> EXERCISE DETAILS
Check each line of the entries for "Model" and report the ones that have it.

[Stored dataset items]
□ □ □ □ □

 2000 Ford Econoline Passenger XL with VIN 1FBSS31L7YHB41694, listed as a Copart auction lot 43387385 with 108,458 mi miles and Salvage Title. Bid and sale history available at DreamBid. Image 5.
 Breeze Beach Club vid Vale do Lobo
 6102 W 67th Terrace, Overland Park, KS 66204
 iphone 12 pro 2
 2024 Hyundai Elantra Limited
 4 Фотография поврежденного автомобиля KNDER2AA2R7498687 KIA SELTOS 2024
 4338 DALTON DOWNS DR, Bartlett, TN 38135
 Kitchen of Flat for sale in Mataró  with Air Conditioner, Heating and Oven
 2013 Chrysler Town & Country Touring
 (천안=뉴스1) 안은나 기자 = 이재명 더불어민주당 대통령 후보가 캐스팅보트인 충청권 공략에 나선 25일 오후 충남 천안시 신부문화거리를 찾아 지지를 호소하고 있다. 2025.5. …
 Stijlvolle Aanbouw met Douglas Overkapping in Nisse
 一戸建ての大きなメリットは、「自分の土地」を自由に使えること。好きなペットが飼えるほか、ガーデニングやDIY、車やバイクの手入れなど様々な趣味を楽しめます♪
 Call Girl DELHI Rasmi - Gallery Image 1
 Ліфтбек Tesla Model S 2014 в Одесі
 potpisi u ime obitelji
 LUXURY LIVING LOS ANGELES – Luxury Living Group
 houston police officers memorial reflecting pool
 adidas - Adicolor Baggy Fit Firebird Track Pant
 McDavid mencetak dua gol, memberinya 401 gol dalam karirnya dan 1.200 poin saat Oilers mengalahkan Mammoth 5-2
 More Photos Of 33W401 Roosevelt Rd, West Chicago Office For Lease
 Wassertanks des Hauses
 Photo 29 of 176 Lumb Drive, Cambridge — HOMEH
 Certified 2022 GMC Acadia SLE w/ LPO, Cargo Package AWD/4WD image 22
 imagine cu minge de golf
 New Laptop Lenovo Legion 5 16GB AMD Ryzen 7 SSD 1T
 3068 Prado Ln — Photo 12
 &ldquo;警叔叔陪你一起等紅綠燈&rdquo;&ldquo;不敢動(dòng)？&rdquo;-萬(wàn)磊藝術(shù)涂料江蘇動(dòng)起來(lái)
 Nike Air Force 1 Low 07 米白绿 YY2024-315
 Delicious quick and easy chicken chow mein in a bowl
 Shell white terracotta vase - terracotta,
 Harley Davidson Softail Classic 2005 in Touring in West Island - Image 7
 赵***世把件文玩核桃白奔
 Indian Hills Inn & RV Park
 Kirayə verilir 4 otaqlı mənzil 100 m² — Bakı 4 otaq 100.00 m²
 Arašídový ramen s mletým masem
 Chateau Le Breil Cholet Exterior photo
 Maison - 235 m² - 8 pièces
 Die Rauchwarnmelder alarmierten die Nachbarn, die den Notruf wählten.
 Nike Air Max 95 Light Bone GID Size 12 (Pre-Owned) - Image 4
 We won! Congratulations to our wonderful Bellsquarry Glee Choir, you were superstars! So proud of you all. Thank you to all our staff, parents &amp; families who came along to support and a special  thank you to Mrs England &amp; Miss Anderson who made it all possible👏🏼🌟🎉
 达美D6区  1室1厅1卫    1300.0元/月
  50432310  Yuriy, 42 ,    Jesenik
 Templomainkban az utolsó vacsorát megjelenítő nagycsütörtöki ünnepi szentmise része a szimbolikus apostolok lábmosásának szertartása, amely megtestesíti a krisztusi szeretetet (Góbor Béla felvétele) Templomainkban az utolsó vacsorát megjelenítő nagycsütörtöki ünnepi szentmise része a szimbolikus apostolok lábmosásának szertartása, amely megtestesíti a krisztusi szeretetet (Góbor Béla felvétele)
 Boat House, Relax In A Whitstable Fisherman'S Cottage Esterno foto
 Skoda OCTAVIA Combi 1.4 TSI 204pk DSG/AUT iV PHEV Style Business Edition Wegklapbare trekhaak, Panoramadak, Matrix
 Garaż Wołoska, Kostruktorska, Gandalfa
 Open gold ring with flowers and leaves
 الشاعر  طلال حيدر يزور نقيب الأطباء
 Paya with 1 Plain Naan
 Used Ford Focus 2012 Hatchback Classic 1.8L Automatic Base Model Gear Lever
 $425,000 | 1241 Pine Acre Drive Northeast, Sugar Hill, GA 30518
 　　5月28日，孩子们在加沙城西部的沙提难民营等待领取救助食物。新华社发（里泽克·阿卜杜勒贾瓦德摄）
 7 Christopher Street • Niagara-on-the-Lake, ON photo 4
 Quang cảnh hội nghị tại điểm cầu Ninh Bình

□ □ □ □ □

> REPLY TO THE EXERCISE
 Ліфтбек Tesla Model S 2014 в Одесі
 Used Ford Focus 2012 Hatchback Classic 1.8L Automatic Base Model Gear Lever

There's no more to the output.